Defining Reality: A Powerful Leadership Tool You May Be Overlooking
Everyone knows that one of a leader’s greatest responsibilities is to communicate a clear and compelling vision for the future. However, there is a very powerful leadership responsibility that is often overlooked: defining the present reality.
There are hundreds of ways for the people in your organization or team to interpret the reality they work in. Some will compare your organization with other organizations. Some will judge based off some glorious past. Some will go by their feelings or personal situation. Left to chance, each person will have a different interpretation of where the team is.

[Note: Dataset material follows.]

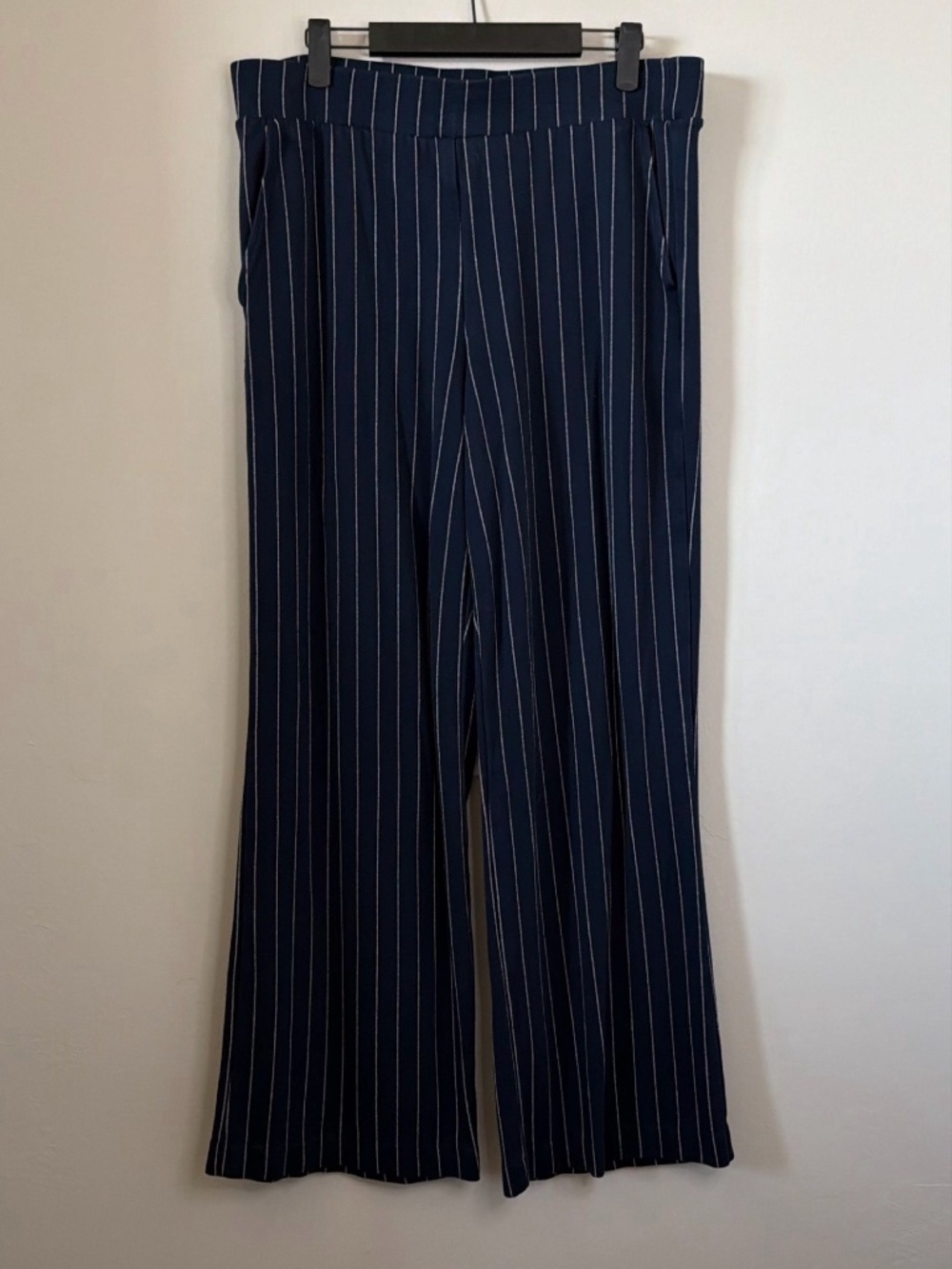 Loft Outlet Pinstripe Stretch Pants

Even if you’re able to communicate a compelling vision of the future, you’ll never find agreement on a pathway to get there. Each person would start from a different point to reach the agreed upon destination. A great leader must find a way to not only show people a glorious future, but to define the starting point.
“The first responsibility of a leader is to define reality” Max De Pree
Here’s an idea for making the most of this leadership tool:
Define Reality in the context of where you’re going: The Vision should be the point of comparison that defines your present reality. Any other measure is less powerful and potentially distracting for your team.
Ex: Your organization probably has all sorts of problems. Part of defining the present reality is choosing which ones are BIG problems and which ones really don’t need that much focus. You can’t FOCUS on everything at once. Use your leadership influence to highlight the problems that stand in the way of the vision and downplay the problems that don’t.
Comparisons with the past, other organizations, and industry best practices can be helpful analysis, but they are not a powerful leadership tool until they are brought into the context of a vision for the future. An intentionally defined present reality that is communicated in the context of a compelling vision will bring a great alignment and focus to your team.
What other ways could you use defining the present reality as a leadership tool?